L'agonie des parlements a été décrite : c'en était fait désormais de ce qui naguère encore était. la justice ! Mais, la Révolution n'ayant pu créer en un jour un assez grand nombre d'instruments à son usage, quelques-uns des instruments du passé continuaient de servir : le Châtelet, par exemple.

Entre toutes les juridictions du second ordre, le Châtelet était la plus importante. Elle planait sur Paris. On y agitait, on y jugeait une foule de questions aussi graves que diverses, et sa jurisprudence semblait être le modèle de toutes les autres, à ce point que les auteurs disaient volontiers : On le pratique, on le juge ainsi au Châtelet[1]. Mais l'impopularité de ce tribunal, même en dehors de la sphère des passions et des idées politiques, n'était pas moindre que son importance, et cette impopularité se trouvait justifiée par d'énormes abus. A chaque audience du parc-civil, sur deux cents causes en état d'être jugées, on en appelait quarante ou cinquante, et l'on en jugeait quatre ou cinq[2]. De sorte que quelquefois un justiciable se voyait condamné à attendre pendant deux mortelles années qu'on se décidât enfin à le juger. L'expédition des affaires était si lente, si embarrassée, que les avocats au parlement, attachés au Châtelet, avaient été insensiblement amenés à l'adoption d'un usage fort singulier : ils avaient des comités où ils jugeaient entre eux les causes qui leur étaient confiées. Des réformes furent proposées ; il fut question de multiplier les audiences, et à ceux qui demandaient comment les avocats pourraient y suffire, on avait répondu : Ne rebutez pas les procureurs, surtout ne leur allouez pas pour chaque cause le dérisoire émolument de douze sols six deniers, et ils plaideront eux-mêmes[3]. Mais la paresse des juges du Châtelet était un obstacle difficile à surmonter, et qui résistait même à l'exemple de l'activité déployée par les magistrats supérieurs, lesquels avaient des audiences à sept heures, à deux heures de relevée, et, dès quatre ou cinq heures du matin, des affaires de rapport[4].

Quant à l'esprit politique qui animait le Châtelet, il était tel qu'on pouvait l'attendre de juges qui tenaient toute leur existence du passé et que la Révolution menaçait.
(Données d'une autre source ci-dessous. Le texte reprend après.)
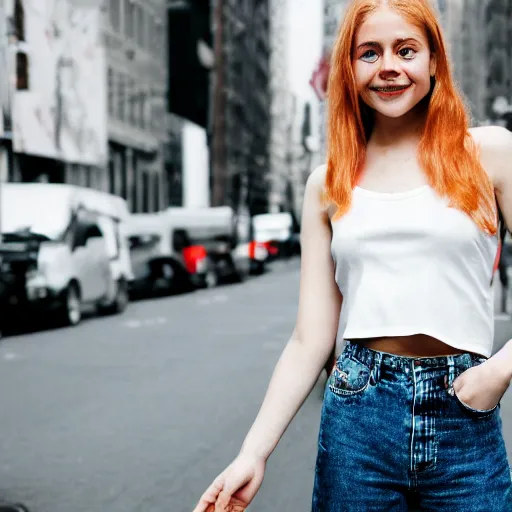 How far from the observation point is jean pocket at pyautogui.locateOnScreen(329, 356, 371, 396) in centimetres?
168

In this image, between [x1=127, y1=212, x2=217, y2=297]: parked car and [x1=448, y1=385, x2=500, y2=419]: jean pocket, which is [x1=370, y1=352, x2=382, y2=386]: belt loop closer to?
[x1=448, y1=385, x2=500, y2=419]: jean pocket

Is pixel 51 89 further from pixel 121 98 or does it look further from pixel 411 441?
pixel 411 441

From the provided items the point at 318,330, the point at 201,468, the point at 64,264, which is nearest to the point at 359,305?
the point at 318,330

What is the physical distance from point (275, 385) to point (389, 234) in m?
0.29

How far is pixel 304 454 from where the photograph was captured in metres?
4.58

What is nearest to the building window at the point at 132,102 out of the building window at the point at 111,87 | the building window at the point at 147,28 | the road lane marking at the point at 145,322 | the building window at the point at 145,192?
the building window at the point at 111,87

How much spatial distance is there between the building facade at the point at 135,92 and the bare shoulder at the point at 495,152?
414cm

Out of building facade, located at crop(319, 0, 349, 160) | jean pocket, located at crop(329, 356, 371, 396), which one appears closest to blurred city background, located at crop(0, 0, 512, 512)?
building facade, located at crop(319, 0, 349, 160)

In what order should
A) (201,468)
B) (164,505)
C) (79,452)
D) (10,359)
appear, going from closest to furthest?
(164,505) → (201,468) → (79,452) → (10,359)

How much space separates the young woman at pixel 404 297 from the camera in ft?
5.43

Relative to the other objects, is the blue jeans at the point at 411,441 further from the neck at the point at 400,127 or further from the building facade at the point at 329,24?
the building facade at the point at 329,24

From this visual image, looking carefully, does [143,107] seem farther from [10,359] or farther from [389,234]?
[389,234]

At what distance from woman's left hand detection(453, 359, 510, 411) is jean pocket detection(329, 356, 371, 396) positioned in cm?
13

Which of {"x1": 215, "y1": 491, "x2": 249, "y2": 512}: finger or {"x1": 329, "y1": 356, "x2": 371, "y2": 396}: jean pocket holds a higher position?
{"x1": 329, "y1": 356, "x2": 371, "y2": 396}: jean pocket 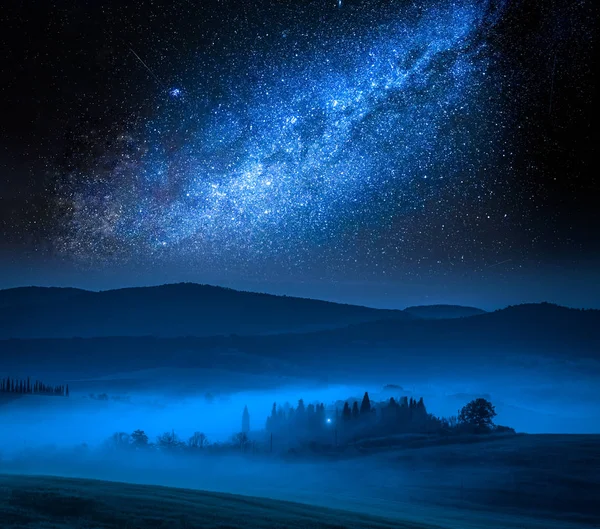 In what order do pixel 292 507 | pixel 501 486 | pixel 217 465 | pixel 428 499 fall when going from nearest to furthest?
1. pixel 292 507
2. pixel 428 499
3. pixel 501 486
4. pixel 217 465

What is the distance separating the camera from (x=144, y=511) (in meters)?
43.7

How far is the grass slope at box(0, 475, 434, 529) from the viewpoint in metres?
39.8

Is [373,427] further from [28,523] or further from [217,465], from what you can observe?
[28,523]

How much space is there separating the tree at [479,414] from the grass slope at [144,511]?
4121 inches

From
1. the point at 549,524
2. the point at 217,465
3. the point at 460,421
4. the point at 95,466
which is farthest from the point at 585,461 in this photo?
the point at 95,466

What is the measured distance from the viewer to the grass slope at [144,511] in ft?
130

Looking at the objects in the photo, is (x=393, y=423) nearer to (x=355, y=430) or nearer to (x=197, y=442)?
(x=355, y=430)

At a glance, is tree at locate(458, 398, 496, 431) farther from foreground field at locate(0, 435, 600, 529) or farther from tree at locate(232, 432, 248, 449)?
tree at locate(232, 432, 248, 449)

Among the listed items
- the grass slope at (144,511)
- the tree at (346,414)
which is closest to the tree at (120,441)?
the tree at (346,414)

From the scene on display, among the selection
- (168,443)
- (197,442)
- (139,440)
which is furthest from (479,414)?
(139,440)

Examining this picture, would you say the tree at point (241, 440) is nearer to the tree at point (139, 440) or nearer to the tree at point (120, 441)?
the tree at point (139, 440)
On a vu le rôle que, dans la fameuse journée du 12 juillet 1789, joua Besenval[5]. Arrêté quinze jours après, comme il fuyait vers la Suisse, il avait été mis en prison à Brie-Comte-Robert, dans les débris d'un ancien château. Or, il a écrit, en parlant de cette époque de sa vie : La plupart de ces jeunes gens du Châtelet étaient pleins de gaieté, de drôlerie, de franchise et de saillies très-piquantes. Serviteurs désintéressés du mouvement révolutionnaire, ils n'y prenaient aucune part d'opinion, et le fanatisme emphatique de Bourdon leur paraissait aussi risible qu'à moi-même[6]. Ce Bourdon fut, depuis, le trop célèbre thermidorien Bourdon (de l'Oise). Besenval, confié à sa garde, trouvait un plaisir extrême à se moquer du commandant homme de loi, du procureur armé en guerre, comme il l'appelait, et de ses épaulettes, et de son héroïsme bouffon, disait-il. Mais à des railleries dirigées contre celui qui, en ce moment et dans ce château fort, représentait la Révolution, il fallait un auditoire complaisant et des complices : quels furent ici les complices rieurs de Besenval ? Ce furent, selon son propre récit, ces jeunes gens du Châtelet, pleins de gaieté et de drôlerie, et serviteurs désintéressés du mouvement révolutionnaire, auquel ils ne prenaient aucune part d'opinion.

L'Assemblée avait décrété qu'aux seuls représentants de la nation devait appartenir la poursuite des crimes d'État. Et pourtant, soit désir de ne pas trop compliquer sa tâche, soit crainte d'une responsabilité trop lourde, c'était devant le Châtelet que par un second décret, violateur du premier, elle avait traduit le baron de Besenval et le prince de Lambesc. Ainsi le crime qu'on donnait à juger aux magistrats du Châtelet était justement celui qu'ils portaient eux-mêmes dans leur cœur. Encore les appela-t-on à suivre, non les formes de l'ancien régime, mais celles qu'avait généreusement adoptées l'esprit nouveau. Car il est remarquable que ce furent les ennemis de la Révolution qui les premiers profitèrent des bienfaisantes réformes introduites par la Révolution dans la jurisprudence criminelle : procédure publique, communication des pièces, libres rapports de l'accusé avec ses conseils, confrontation des témoins, nécessité de la preuve légale[7].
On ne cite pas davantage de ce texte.